Despite a so-called ceasefire, on Saturday, Israeli forces captured Beaufort Castle, a 900-year-old fortress located on a rocky hilltop near the city of Nabatieh, one of the largest cities in southern Lebanon.
The capture followed days of fierce fighting and forms part of Israel’s deepest military incursion into Lebanon in 26 years. Israeli troops have crossed north of the Litani River and advanced towards the Zahrani River.
Lebanon’s World Heritage Sites
Lebanon currently has six UNESCO World Heritage Sites.

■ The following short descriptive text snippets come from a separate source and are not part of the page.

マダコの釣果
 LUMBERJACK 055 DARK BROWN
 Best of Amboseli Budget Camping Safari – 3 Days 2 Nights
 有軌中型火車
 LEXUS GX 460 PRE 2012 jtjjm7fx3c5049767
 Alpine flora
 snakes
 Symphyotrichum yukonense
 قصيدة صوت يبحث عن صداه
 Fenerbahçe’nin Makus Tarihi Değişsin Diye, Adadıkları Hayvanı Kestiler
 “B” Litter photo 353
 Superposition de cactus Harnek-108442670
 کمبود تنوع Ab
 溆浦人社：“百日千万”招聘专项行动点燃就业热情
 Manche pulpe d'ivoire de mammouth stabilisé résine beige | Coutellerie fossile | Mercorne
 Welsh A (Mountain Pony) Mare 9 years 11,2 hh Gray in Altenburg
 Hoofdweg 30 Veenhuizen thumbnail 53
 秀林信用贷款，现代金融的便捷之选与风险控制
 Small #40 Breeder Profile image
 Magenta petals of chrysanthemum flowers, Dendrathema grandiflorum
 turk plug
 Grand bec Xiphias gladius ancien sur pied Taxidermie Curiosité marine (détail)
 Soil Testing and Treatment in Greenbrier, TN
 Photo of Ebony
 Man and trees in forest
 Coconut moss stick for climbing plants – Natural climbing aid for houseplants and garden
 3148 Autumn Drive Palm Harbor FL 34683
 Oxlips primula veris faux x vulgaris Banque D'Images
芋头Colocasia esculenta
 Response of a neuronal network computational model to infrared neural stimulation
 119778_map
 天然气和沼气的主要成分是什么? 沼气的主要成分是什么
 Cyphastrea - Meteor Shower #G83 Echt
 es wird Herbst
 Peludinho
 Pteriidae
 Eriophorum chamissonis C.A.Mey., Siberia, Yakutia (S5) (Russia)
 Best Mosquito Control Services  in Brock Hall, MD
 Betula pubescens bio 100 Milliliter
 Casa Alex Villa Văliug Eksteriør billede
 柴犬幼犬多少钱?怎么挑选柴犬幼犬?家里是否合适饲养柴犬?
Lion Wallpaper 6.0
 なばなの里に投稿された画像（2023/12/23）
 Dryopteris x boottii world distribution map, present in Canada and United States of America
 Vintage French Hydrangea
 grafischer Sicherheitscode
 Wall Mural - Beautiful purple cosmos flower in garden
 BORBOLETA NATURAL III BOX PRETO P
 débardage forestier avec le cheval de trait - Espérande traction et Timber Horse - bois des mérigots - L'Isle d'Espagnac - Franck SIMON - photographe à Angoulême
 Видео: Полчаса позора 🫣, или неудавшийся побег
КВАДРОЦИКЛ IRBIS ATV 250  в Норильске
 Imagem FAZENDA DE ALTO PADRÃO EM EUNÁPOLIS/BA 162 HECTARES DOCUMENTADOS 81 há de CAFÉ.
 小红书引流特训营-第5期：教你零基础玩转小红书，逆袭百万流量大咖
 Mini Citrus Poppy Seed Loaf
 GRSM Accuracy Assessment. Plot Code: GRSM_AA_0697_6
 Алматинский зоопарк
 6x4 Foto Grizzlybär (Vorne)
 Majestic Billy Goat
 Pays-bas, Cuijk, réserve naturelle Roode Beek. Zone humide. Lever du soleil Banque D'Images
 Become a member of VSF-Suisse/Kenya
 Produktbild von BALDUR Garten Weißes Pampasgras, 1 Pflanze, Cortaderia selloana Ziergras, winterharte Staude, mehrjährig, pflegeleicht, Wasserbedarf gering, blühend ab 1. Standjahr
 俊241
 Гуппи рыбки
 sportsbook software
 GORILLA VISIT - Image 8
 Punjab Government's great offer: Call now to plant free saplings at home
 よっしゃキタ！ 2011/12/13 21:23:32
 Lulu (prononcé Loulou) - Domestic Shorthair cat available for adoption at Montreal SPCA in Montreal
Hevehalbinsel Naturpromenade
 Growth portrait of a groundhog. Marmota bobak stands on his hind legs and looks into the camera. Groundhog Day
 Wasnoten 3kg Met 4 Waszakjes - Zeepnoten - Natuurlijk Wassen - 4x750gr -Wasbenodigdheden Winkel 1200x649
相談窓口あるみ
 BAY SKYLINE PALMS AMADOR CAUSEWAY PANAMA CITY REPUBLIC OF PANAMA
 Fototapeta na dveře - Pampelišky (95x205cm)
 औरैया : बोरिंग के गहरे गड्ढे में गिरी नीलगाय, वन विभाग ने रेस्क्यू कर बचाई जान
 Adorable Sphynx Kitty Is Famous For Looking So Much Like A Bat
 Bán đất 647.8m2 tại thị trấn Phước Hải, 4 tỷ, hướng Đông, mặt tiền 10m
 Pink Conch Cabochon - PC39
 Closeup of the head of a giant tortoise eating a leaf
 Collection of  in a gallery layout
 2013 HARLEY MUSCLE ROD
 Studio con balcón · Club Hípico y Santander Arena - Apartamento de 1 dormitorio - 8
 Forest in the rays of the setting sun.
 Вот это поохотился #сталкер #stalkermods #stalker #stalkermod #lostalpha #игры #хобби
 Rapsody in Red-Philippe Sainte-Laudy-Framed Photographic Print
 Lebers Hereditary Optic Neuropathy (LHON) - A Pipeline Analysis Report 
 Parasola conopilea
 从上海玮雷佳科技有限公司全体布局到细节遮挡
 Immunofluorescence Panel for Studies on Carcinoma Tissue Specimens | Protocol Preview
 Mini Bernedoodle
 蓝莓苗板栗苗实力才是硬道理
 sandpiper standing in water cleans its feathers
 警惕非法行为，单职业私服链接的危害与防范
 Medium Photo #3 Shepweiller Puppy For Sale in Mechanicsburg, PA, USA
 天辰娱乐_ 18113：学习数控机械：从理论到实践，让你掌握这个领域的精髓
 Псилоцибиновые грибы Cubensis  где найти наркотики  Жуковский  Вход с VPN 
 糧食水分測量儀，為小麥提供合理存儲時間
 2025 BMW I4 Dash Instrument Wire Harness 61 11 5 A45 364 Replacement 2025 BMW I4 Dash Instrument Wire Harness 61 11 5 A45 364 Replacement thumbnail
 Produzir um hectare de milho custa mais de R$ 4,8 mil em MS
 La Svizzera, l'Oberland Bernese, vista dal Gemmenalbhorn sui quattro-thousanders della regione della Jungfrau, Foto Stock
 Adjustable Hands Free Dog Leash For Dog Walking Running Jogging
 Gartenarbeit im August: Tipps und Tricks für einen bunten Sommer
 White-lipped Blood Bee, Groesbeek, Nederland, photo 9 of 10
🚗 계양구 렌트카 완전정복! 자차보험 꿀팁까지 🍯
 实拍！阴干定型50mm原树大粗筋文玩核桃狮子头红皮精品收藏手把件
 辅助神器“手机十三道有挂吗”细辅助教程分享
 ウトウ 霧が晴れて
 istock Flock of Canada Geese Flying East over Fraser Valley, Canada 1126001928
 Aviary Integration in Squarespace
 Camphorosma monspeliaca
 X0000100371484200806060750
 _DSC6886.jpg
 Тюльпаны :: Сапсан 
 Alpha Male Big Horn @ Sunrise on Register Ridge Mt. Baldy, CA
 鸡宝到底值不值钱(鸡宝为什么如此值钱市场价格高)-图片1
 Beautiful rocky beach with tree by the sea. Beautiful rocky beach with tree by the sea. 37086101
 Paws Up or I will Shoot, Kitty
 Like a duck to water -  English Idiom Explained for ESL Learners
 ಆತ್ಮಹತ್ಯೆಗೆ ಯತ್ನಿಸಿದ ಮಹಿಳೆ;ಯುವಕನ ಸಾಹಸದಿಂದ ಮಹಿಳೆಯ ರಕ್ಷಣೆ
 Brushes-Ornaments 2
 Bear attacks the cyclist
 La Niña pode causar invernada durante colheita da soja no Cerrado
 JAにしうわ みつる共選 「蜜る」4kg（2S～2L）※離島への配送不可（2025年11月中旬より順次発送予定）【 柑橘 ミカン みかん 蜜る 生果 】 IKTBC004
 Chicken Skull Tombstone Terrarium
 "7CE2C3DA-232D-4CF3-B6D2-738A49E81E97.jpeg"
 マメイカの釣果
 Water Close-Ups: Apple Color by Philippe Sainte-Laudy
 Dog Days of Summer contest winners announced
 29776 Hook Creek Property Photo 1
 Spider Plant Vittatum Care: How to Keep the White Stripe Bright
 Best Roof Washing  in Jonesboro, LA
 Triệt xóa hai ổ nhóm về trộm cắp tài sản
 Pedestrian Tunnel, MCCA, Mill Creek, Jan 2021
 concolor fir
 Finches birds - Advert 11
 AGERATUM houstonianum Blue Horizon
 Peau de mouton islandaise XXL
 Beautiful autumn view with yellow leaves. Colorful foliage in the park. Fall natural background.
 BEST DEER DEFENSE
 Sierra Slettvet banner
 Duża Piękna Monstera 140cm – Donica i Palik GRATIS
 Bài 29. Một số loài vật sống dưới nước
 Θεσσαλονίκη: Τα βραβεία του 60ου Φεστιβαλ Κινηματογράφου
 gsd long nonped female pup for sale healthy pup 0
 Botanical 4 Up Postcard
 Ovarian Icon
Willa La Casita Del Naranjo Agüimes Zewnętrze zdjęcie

UNESCO World Heritage Sites are landmarks or areas judged to have exceptional cultural or natural importance to humanity and are designated for international protection and preservation.
Lebanon’s Culture Minister Ghassan Salame told the AFP news agency that Israeli attacks on the country’s south are putting heritage sites, including in the ancient city of Tyre, in “serious danger”.
Tyre, located some 83km (52 miles) south of Beirut, contains the remains of one of the most important cities of the ancient Phoenician world, including extensive Roman-era ruins and one of the largest hippodromes of the Roman Empire.
Israeli forced displacement orders and bombardments have pushed tens of thousands of people to flee Tyre, with some estimates putting displacement from the city and surrounding area at about 200,000. Across Lebanon, the wider war has uprooted more than one million people.
Dated to the third millennium BC, Tyre grew into one of the Mediterranean’s leading maritime powers. After Alexander the Great’s siege in 332 BC linked the island city to the mainland, Tyre flourished under Greek, Roman and Byzantine rule before gradually declining in the centuries after the Crusades.
“Bombings fell very close to the ruins of Tyre,” Minister Salame said, adding that the medieval Beaufort Castle overlooking Nabatieh was “directly hit”.
UNESCO enhanced protection
Lebanon is home to at least 39 cultural sites that have been granted provisional enhanced protection. Several of them are in the south, in areas affected by the ongoing Israeli military operations.
The designation provides the highest level of legal protection for cultural heritage under international law, with any noncompliance constituting a serious breach of the 1954 Hague Convention and its 1999 Second Protocol and potentially giving rise to criminal responsibility.
In a news release on April 1, Lazare Eloundou Assomo, the assistant director-general for culture at UNESCO, emphasised the protection of cultural heritage and how it serves as a backbone of people’s identity.
“When heritage is destroyed anywhere, moral standards are undermined, social cohesion is eroded, and trust and resilience are jeopardised,” he stated.
Some of the most notable protected sites include:
Beaufort Castle
Known in Arabic as Qalaat al-Shaqif, the 12th-century Crusader fortress is perched 700 metres (2,300ft) above southern Lebanon. Overlooking the Litani River, its commanding position made it one of the region’s most strategic strongholds.
Control of the castle passed from the Crusaders to successive regional powers, including the Ottomans. Palestinian fighters later used it as a base before Israel captured it during its 1982 invasion and occupied it until it withdrew from southern Lebanon in 2000.